也正是因为遇到了这么多人,所以才会想着,拒绝掉污秽之王的邀请,自己成为白巫女们的守护神。
对于陈平安而言,这一点毫不夸张。
白巫女们的守护神,同时受到了白巫女们的爱戴。
这一点就已经很好了。
没人会觉得这样有什么不好的,老实说,陈平安自己没有想那么多,因为他的目标就是极致的守护。
这一点无可辩驳。
所以少女的心思,大概这个迟钝的家伙很难明白。
对于不少白巫女来说,她们也都是听着陈平安的传说长大的。
这一点毫不夸张,特别是陈平安把众人救下来后转移到另一个世界就更是如此。
这个家伙在白巫女一族早已是深入人心了。
陈平安听到她的嘀咕声,轻轻笑了笑。
这个丫头,还真是。
当然,陈平安并未多说些什么,只是伸出手,揉揉她的额头,笑着说道:“让你跟着我也不是不可以,但你要答应我几个条件。”

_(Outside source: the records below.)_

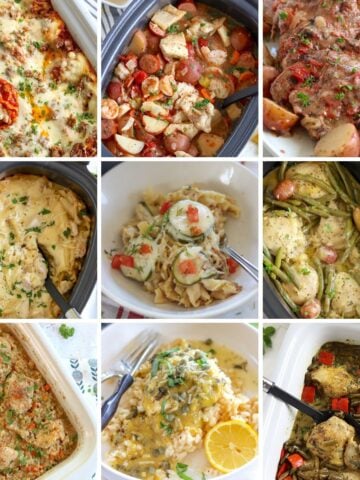 Featured image of nine different high protein crockpot recipes.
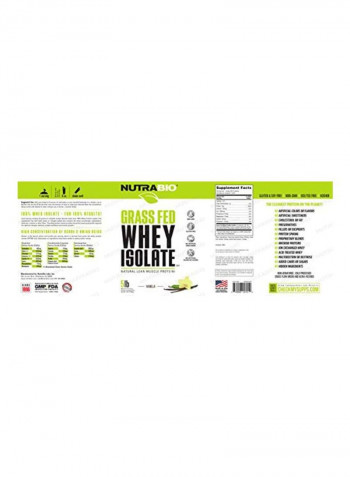 Grass Fed Whey Isolate Lean Muscle Protein - Vanilla Flavored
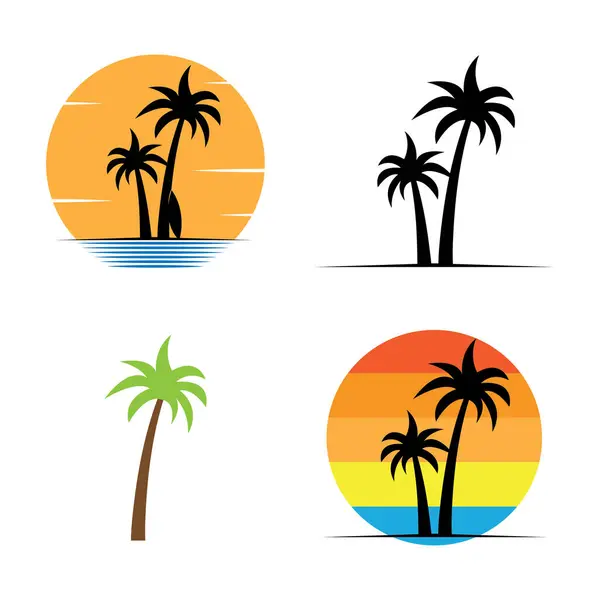 Árbol Coco Resort Playa Diseño Plantilla Ilustración Vectores Verano — Archivo Imágenes Vectoriales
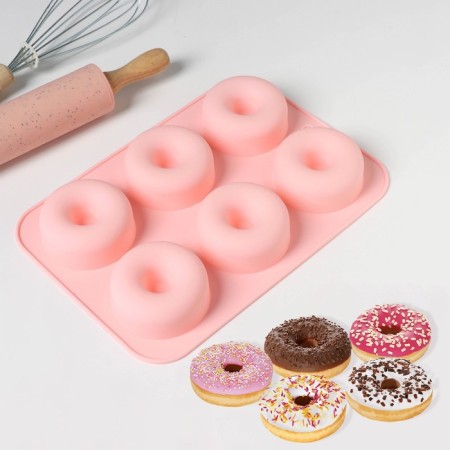 Baking uniform “Donut”, silicone, 26 × 18 cm, 6 cells, 7 × 2.8 cm, pink color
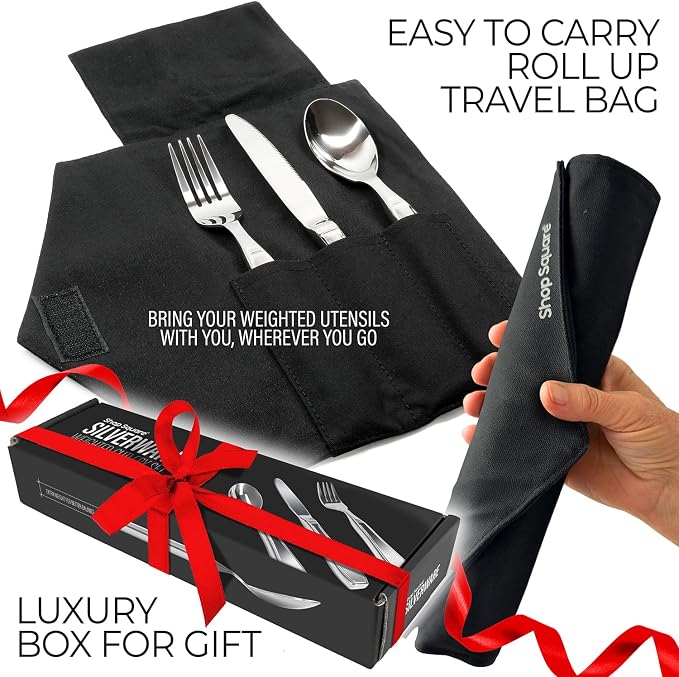 Weighted Utensils for Hand Tremors and Parkinson's Patients - 3 Piece Set Weighted Silverware for Elderly, Arthritis, Weak Hand Grip - Convenient Travel Bag, Stainless Steel, 7 Oz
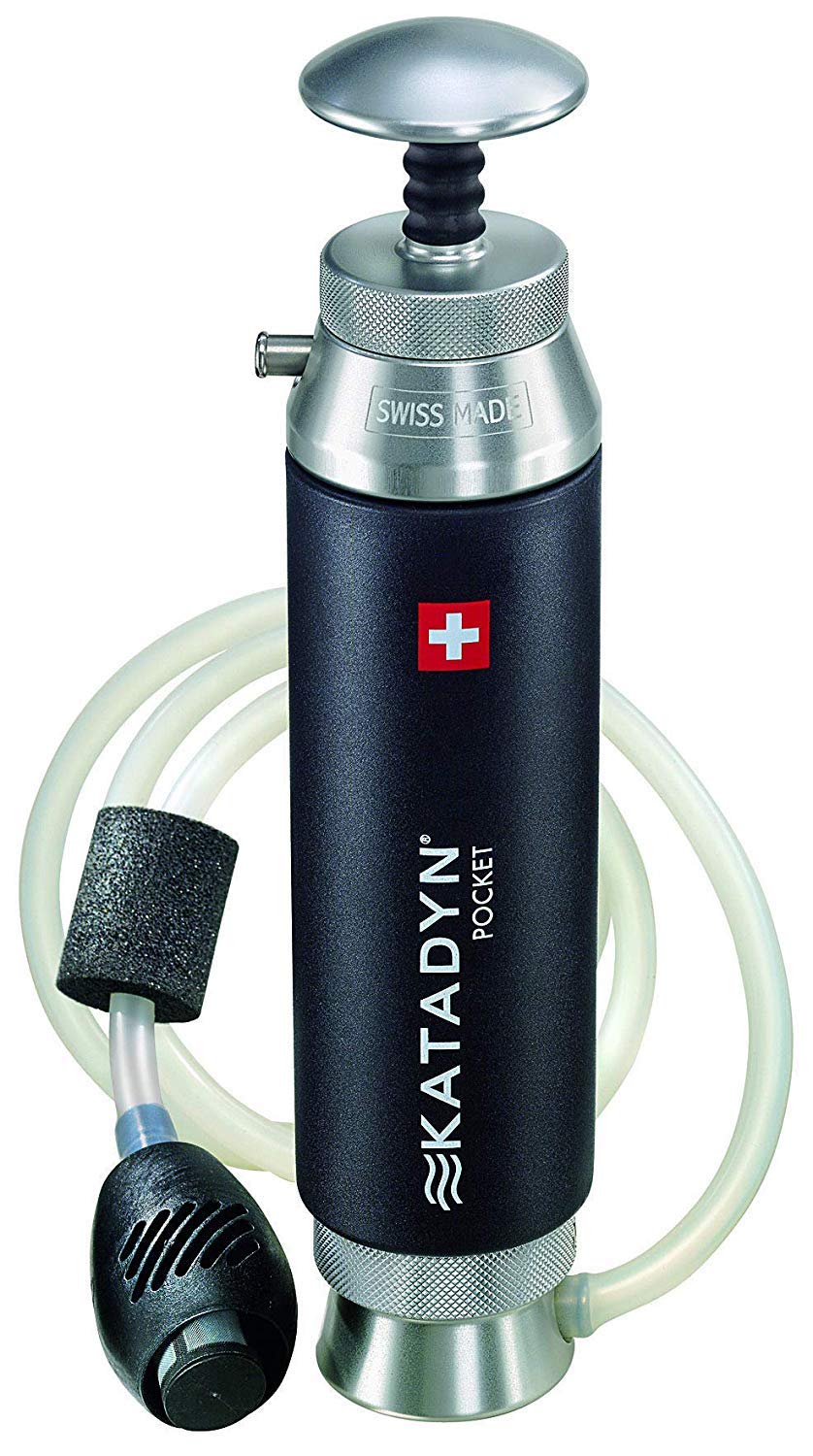 Katadyn Pocket filter ceramic-element close-up showing field-cleanable filtration for bacteria and protozoa.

少女睁大了眼眸,满是不可思议地说道:“费林大人认真的?”
陈平安哭笑不得地说道:“不用这么喊我了,喊我平安也可以。”
“唔…这样嘛,会不会不礼貌呀?”
少女小心翼翼地打量陈平安的表情。
陈平安哭笑不得地说道:“你认识我多久了,真的需要在意这些吗?”
从小就认识的交情了,再说了,他跟对方之间本来就没有什么尊卑之分,两者是完全不同的。
费林大人也是小姑娘喊习惯了,因为古老民族中的不少都喜欢这么喊着叶欢,姑且算是习惯中的习惯了。
陈平安自己就没有多说,只是觉得有些无奈。
既然要跟自己出去,那称呼就要改一改吧?
少女迟疑了一下,小小声地喊道:“平安哥哥。”
陈平安顿时眼前一亮。
他笑呵呵地揉了揉眼前这丫头的额头,点头说道:“这样也挺好的。”
被这么喊着,莫名地就高兴了几分。
倒是有些不可思议了。
所以这会陈平安的开心完全是看得出来的那种。
这种高兴以至于陈平安乐呵呵地摸着她的额头。
她也发现了这一点,眯着眼睛,高高兴兴地多喊了几声。